Come le multinazionali occidentali hanno manipolato le politiche alimentari di Pechino

Coca Cola e altri colossi del food & beverage occidentali hanno manipolato le politiche alimentari in Cina, paese che negli ultimi trent’anni ha visto moltiplicarsi il numero di casi di diabete e altre malattie cardiovascolari a causa della diffusione del junk food. Secondo uno studio su The BMJ e The Journal of Public Health Policy, un’organizzazione con base a Washington – l’International Life Sciences Institute – dagli anni ’80 starebbe conducendo attività di lobbying all’interno della macchina governativa per promuovere una regolare attività fisica come “cura” per il sovrappeso in modo da sviare l’attenzione dalle reali cause del sovrappeso a cui è soggetta la popolazione cinese: un consumo sproporzionato di bevande zuccherate e cibo spazzatura introdotto dalle multinazionali americane con l’apertura del mercato ai capitali esteri. L’obesità è diventata un problema sempre più grave in Cina. Secondo le statistiche rilasciate dal Centro per il controllo e la prevenzione delle malattie nel 2017,  il 30% degli adulti cinesi è in sovrappeso mentre l’11,9% è da ritenersi obeso.

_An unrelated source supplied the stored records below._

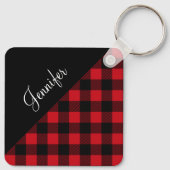 Red Buffalo Plaid Check Pattern Name キーホルダー (裏面)
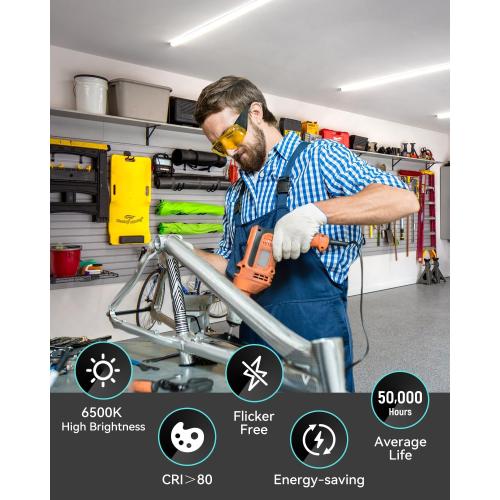 (4 Pack) 4FT T5 LED Shop Light,6500K,20W,2300LM(Super Bright White) Linkable LED Integrated Fixture,Garage Ceiling and Cabinet Light,Strip Light,Corded Electric with ON/Off Switch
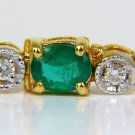 █$4500 VIDEO 2.35CT NATURAL EMERALDS SOLID BAR LINK DECO DIAMONDS BRACELET 14KT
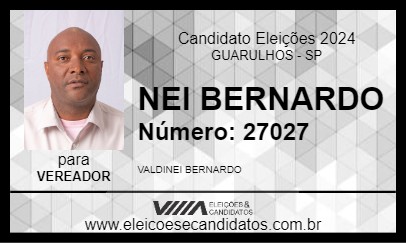 Candidato NEI BERNARDO 2024 - GUARULHOS - Eleições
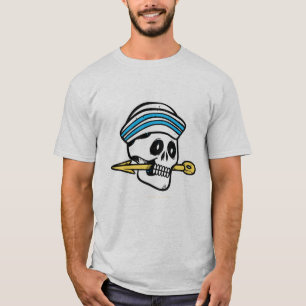 Camiseta gráfica de caveira de guerreiro com lança
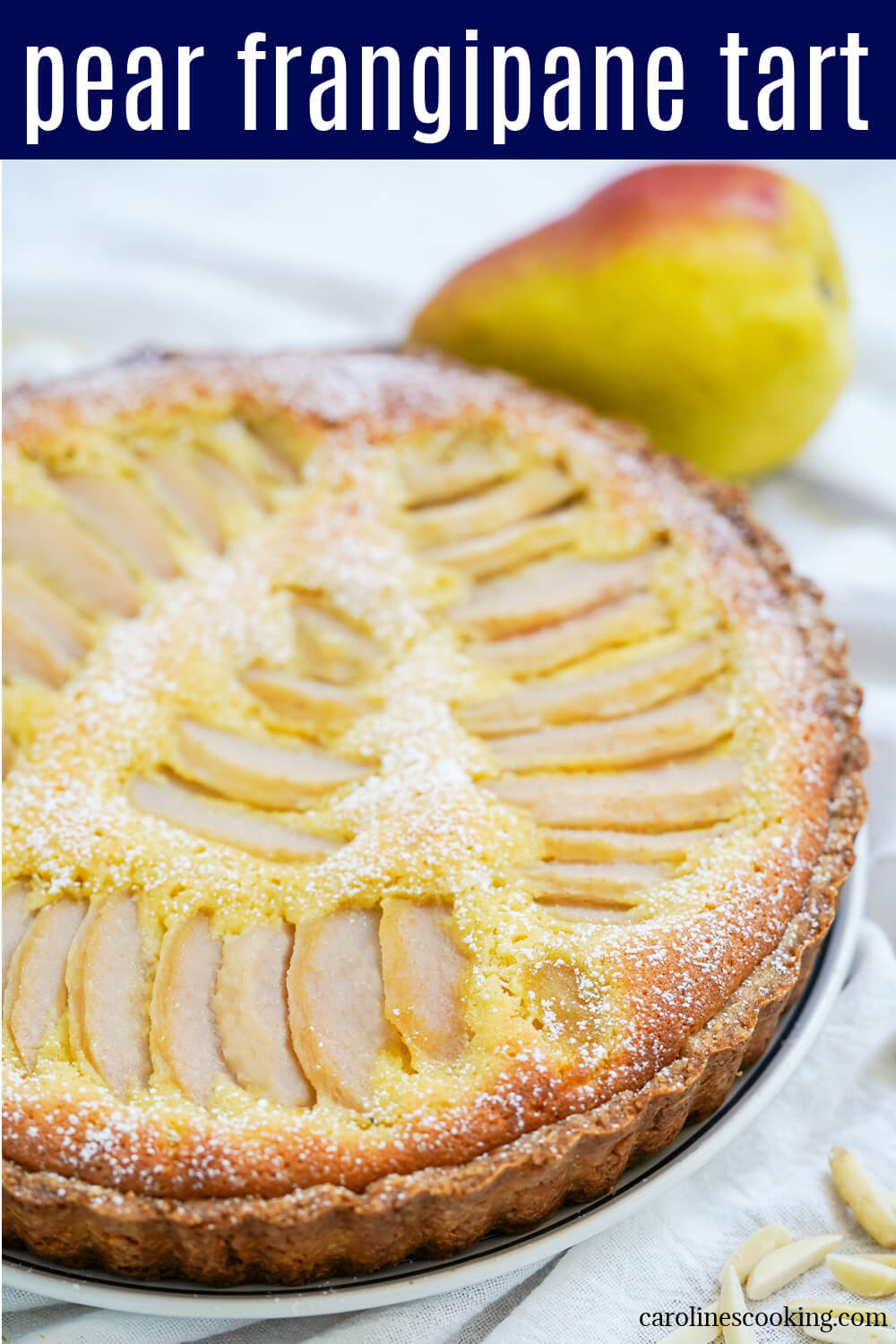 This pear frangipane tart is a delicious combination of tender pears nestled in a soft nutty filling, encased in crisp pastry. Elegant, shareable and perfect to enjoy any excuse. This pear frangipane tart is a delicious combination of tender pears nestled in a soft nutty filling, encased in crisp pastry. Elegant, shareable and perfect to enjoy any excuse.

Il 70% delle aziende esportatrice vuole spostare la produzione fuori dalla Cina

La maggior parte degli esportatori ha deciso di spostare parte della produzione dalla Cina verso altri paesi asiatici. E’ quanto emerge da un’indagine di UBS sull’impatto della guerra commerciale tra Pechino e Washington. Circa il 37% dei 200 produttori intervistati ha dichiarato di aver trasferito la produzione nell’ultimo anno, mentre un altro 33% prevede di farlo nei prossimi 6 o 12 mesi. Le aziende intenzionate a delocalizzare hanno affermato che la manovra coinvolgerà almeno il 30% della loro capacità produttiva. I paesi a beneficiare del ripensamento saranno soprattutto Stati Uniti, Hong Kong, Giappone e Taiwan, mentre il Sud-est asiatico continua a essere meno popolare a causa delle lacune infrastrutturali e la manodopera poco qualificata. “Anche se le tariffe più elevate sono sospese e il sentimento aziendale potrebbe migliorare in seguito al meeting tra Xi e Trump al G20, ci aspettiamo che le incertezze legate alla guerra commerciale danneggino la spesa in conto capitale nel 2019”, spiegano gli analisti di UBS.

WeChat scatta una fotografia degli utenti

WeChat sa tutto dei suoi utenti, persino le abitudini di vita, l’orario in cui si alzano, se preferiscono le bibite fredde a quelle calde o se hanno cambiato i loro gusti letterari negli ultimi tre anni. Lo afferma un inquietante rapporto pubblicato su Weibo da Tencent, la società proprietaria dell’app. L’analisi divide gli utenti per anno di nascita, riscontrando variazioni a seconda che si tratti della generazione anni ’80, ’90 o ’00. Questo è reso possibile dal flusso di dati gestito dall’azienda: 45 miliardi di messaggi e 410 milioni di telefonata al giorno. Ma smentisce quanto assicurato nel gennaio 2018 in risposta alle accuse del presidente di Geely Holdings: “Wechat non utilizza i contenuti delle chat per analizzare i big data”, aveva replicato l’azienda.